Report the number of lines below in which the word "Cotton" occurs. Nothing else is needed.
--- Exercise data Enclosed Below ---
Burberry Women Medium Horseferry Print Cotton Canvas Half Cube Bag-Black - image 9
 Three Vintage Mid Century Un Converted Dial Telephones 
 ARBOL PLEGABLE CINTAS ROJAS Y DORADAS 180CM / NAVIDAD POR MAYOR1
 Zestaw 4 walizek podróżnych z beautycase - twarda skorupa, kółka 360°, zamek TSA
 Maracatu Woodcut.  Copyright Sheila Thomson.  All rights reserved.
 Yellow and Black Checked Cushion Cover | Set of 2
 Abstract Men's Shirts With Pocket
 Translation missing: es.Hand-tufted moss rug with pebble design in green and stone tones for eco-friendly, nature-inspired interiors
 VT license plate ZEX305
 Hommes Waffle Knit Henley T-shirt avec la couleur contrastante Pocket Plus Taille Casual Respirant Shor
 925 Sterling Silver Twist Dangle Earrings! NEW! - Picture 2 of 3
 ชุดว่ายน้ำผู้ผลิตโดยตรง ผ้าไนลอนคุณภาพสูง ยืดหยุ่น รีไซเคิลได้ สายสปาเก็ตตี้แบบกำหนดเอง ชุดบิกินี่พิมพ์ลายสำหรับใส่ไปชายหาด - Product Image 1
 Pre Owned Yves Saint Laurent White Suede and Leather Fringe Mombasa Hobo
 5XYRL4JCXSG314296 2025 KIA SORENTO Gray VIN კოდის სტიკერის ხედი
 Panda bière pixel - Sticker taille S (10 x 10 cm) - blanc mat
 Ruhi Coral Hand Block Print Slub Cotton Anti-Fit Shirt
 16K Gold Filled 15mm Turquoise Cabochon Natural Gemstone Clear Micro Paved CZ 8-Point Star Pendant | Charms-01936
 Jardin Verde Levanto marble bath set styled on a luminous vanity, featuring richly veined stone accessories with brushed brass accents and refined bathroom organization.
--- End of Enclosed Exercise data ---
▸ Problem solution
2